··· RECORDS FOR THIS EXERCISE ···
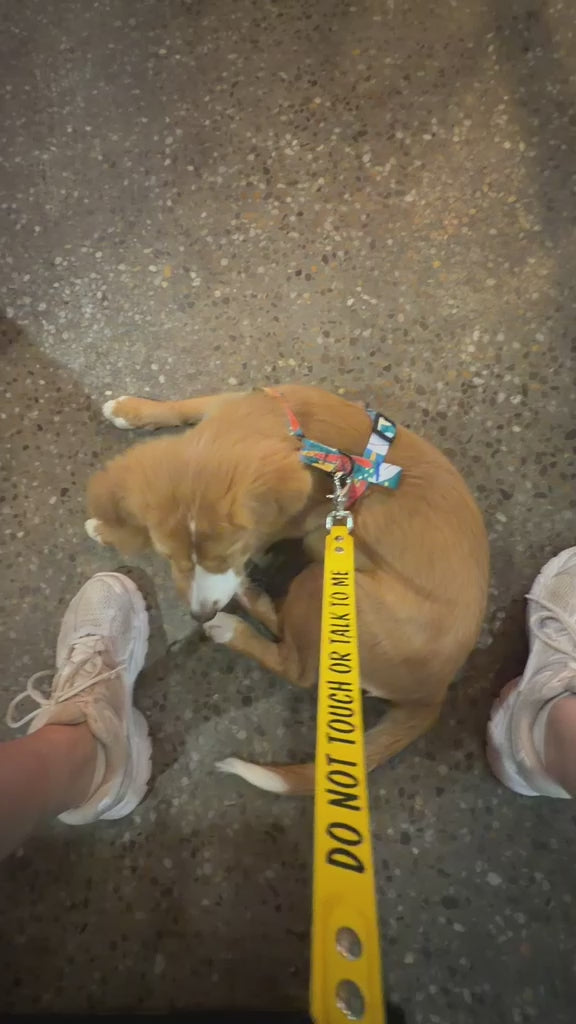 Leash extender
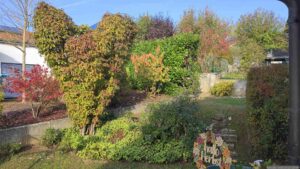 Unser Garten am 19. Oktober 2026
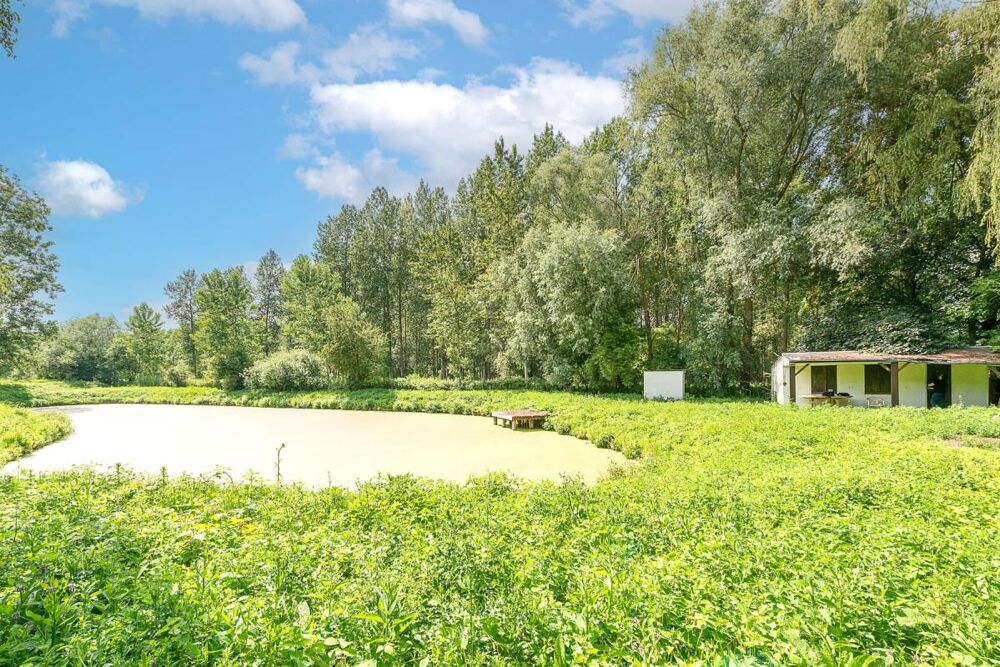 Vente Terrain RARE SUR LE SECTEUR – Étang privé de 1 250 m2 avec chalet sur plus de 3 300 m2 de terrain clos et arboré, aux portes de Saint-Am Millonfosse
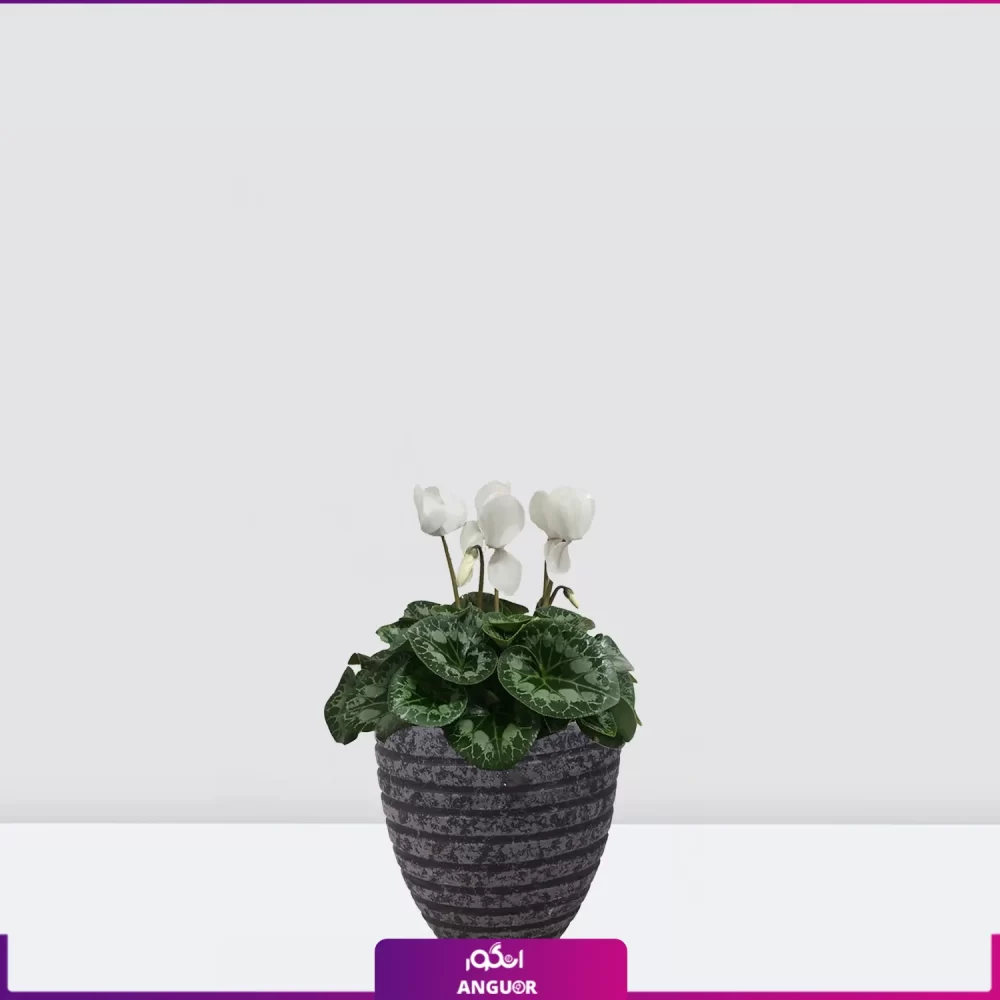 سیکلامن سفید- خرید گل عید-سیکلامن به همراه گلدان سفالی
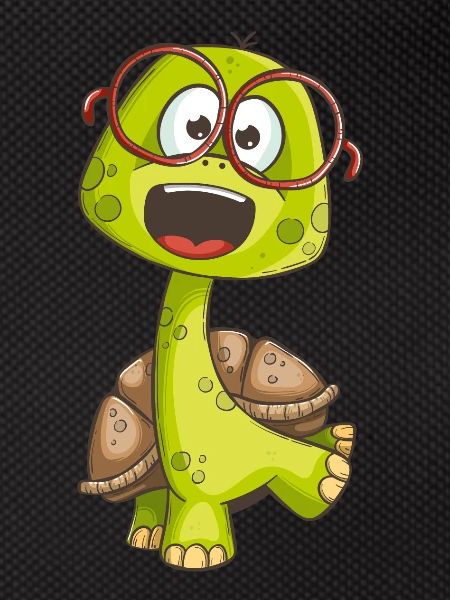 Funny turtle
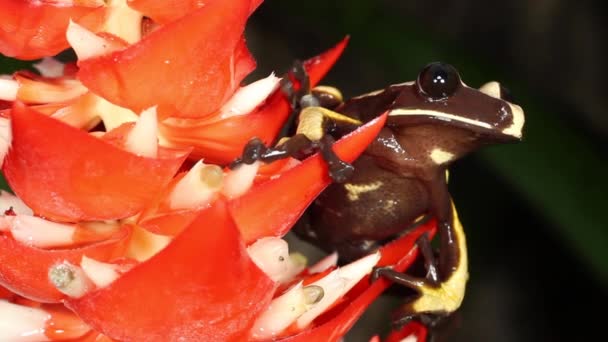 Vidéo Grenouille Sur Fleur Plante Rouge Frappe Grenouille Arbre Nyctimantis — Video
···
- [DIRECTIONS]: Once the pictures are set aside, output the whole listing exactly.

- [REPLY]:
 Leash extender
 Unser Garten am 19. Oktober 2026
 Vente Terrain RARE SUR LE SECTEUR – Étang privé de 1 250 m2 avec chalet sur plus de 3 300 m2 de terrain clos et arboré, aux portes de Saint-Am Millonfosse
 سیکلامن سفید- خرید گل عید-سیکلامن به همراه گلدان سفالی
 Funny turtle
 Vidéo Grenouille Sur Fleur Plante Rouge Frappe Grenouille Arbre Nyctimantis — Video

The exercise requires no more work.